> [What the task requires] Please copy exactly the line that contains "Old car with" and every line after it through the end of the records, leaving the pictures out.

Data for the task: Begin

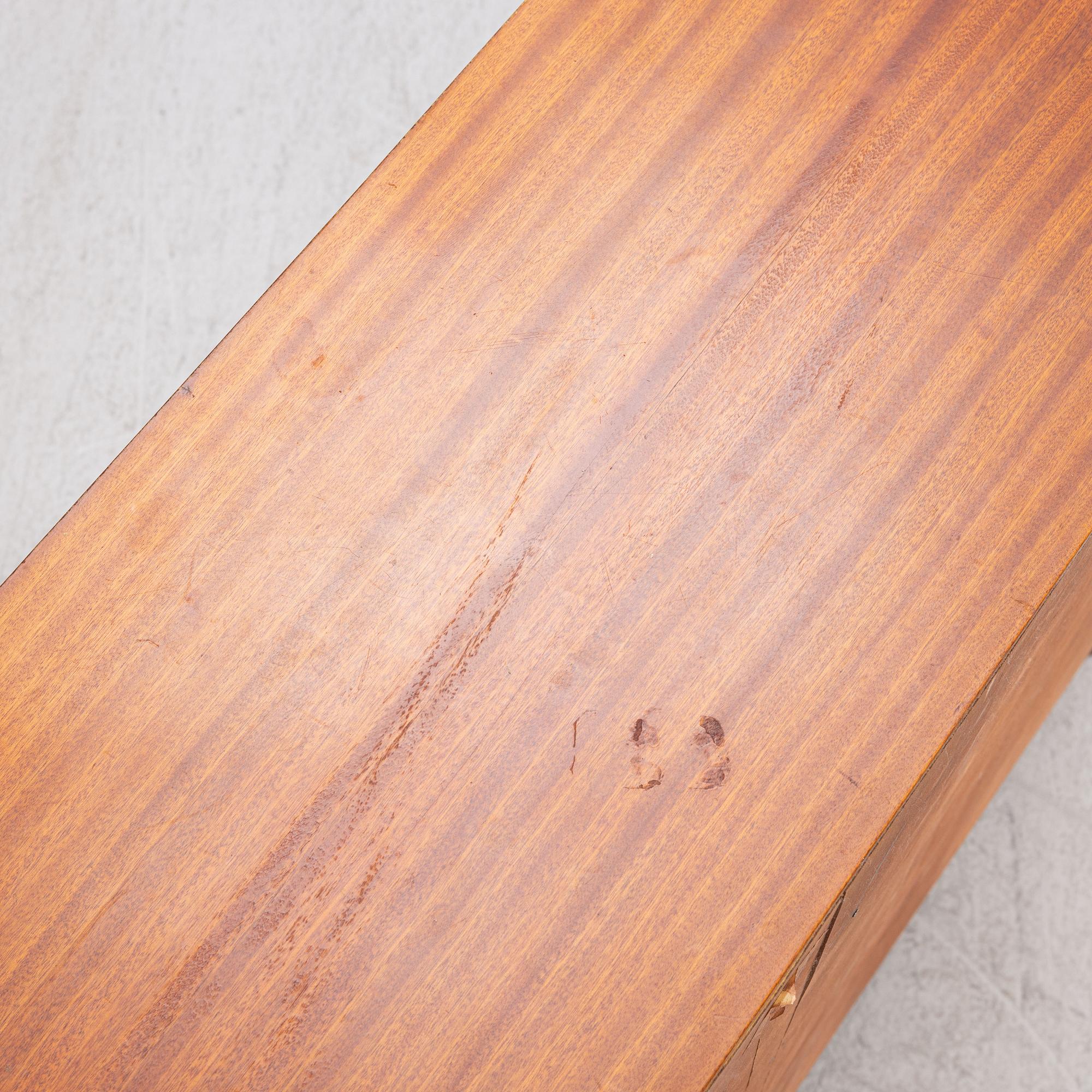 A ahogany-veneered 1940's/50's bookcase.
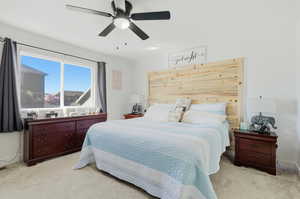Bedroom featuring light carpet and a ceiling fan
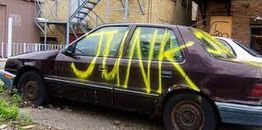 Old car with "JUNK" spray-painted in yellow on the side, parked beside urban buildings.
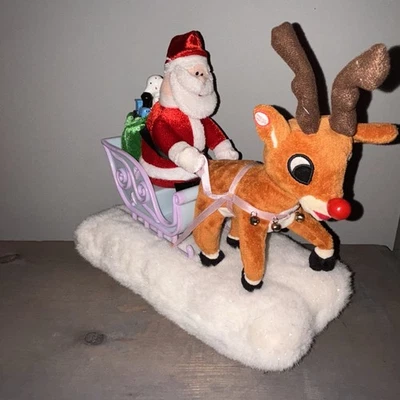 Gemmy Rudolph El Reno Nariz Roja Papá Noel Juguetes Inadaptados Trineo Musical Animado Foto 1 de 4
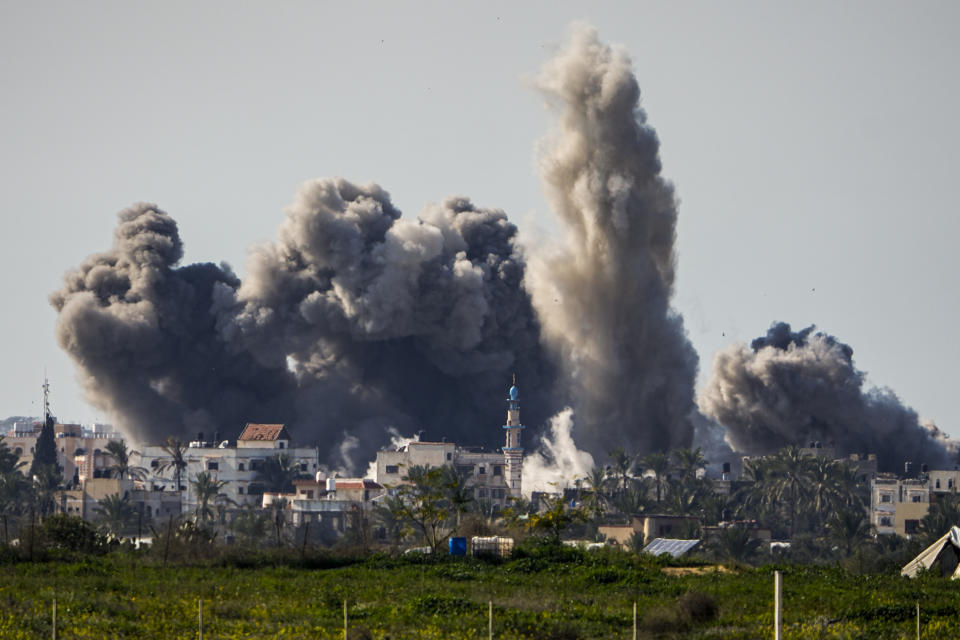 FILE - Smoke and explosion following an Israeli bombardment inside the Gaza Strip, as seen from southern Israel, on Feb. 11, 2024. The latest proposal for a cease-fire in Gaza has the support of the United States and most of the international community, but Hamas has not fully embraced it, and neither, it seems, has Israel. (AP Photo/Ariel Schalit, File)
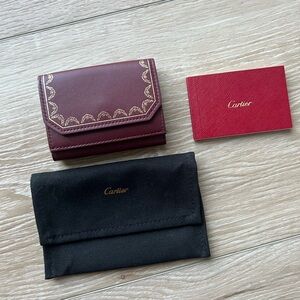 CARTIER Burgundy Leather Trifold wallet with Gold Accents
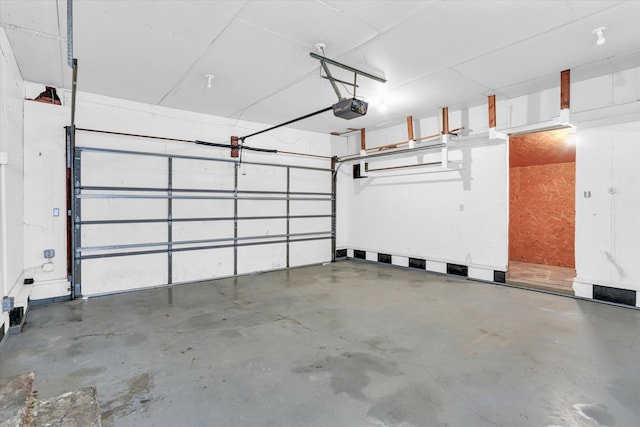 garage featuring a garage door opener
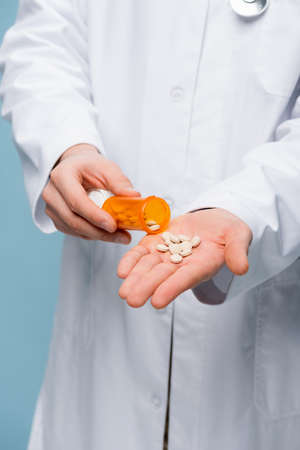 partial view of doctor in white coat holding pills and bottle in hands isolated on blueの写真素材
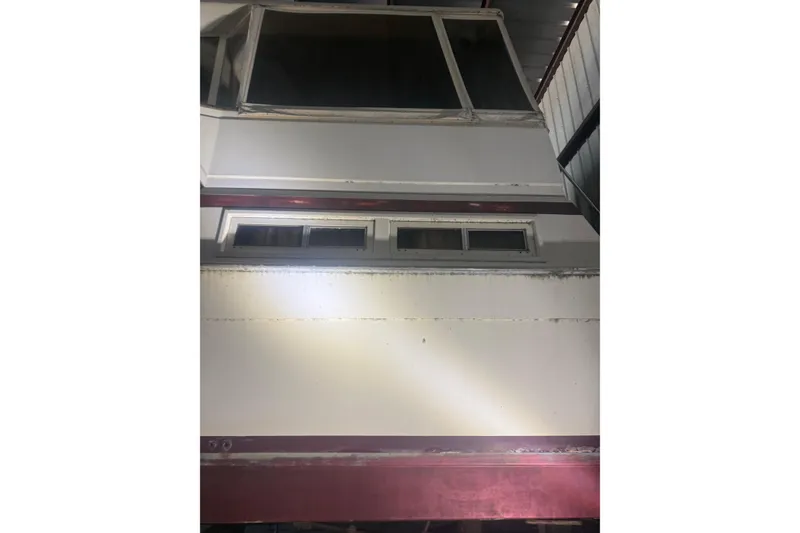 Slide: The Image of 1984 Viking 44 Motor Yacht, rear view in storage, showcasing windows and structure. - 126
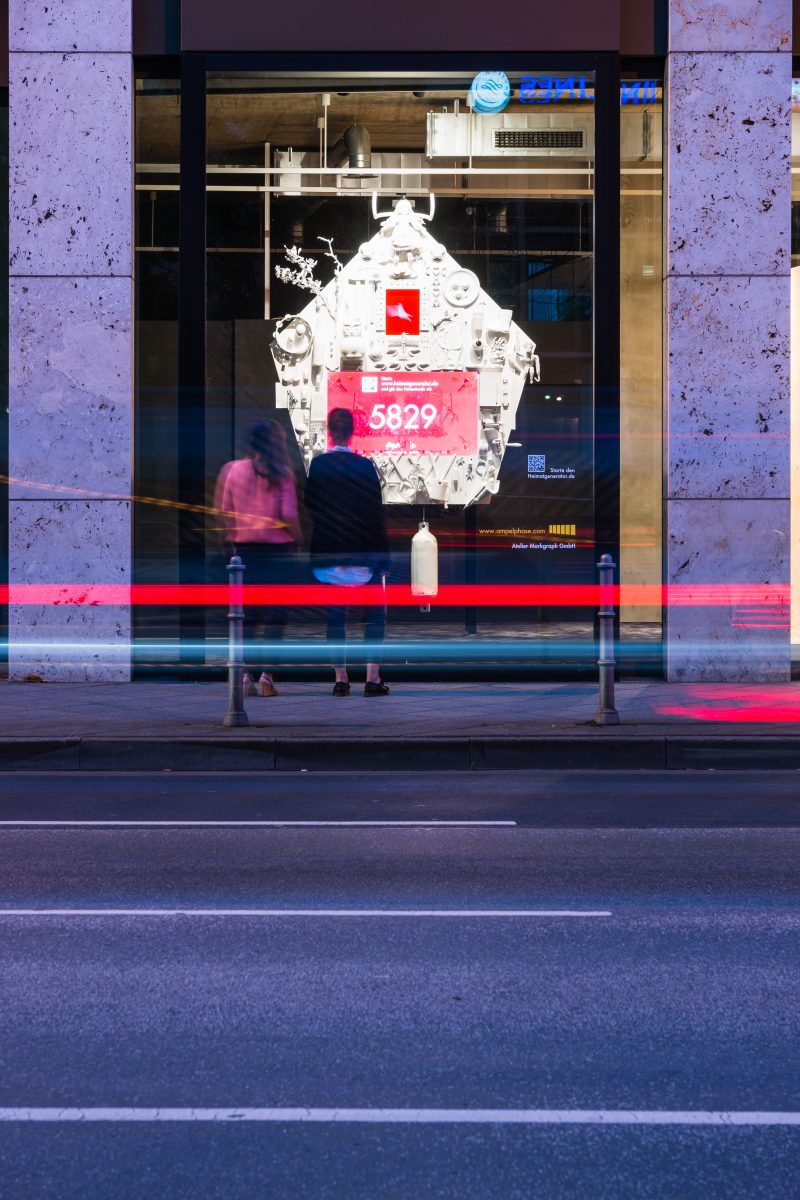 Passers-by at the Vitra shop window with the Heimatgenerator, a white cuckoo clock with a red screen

Data for the task: End

> [Solution to this exercise]
 Old car with "JUNK" spray-painted in yellow on the side, parked beside urban buildings.
 Gemmy Rudolph El Reno Nariz Roja Papá Noel Juguetes Inadaptados Trineo Musical Animado Foto 1 de 4
 FILE - Smoke and explosion following an Israeli bombardment inside the Gaza Strip, as seen from southern Israel, on Feb. 11, 2024. The latest proposal for a cease-fire in Gaza has the support of the United States and most of the international community, but Hamas has not fully embraced it, and neither, it seems, has Israel. (AP Photo/Ariel Schalit, File)
 CARTIER Burgundy Leather Trifold wallet with Gold Accents
 garage featuring a garage door opener
 partial view of doctor in white coat holding pills and bottle in hands isolated on blueの写真素材
 Slide: The Image of 1984 Viking 44 Motor Yacht, rear view in storage, showcasing windows and structure. - 126
 Passers-by at the Vitra shop window with the Heimatgenerator, a white cuckoo clock with a red screen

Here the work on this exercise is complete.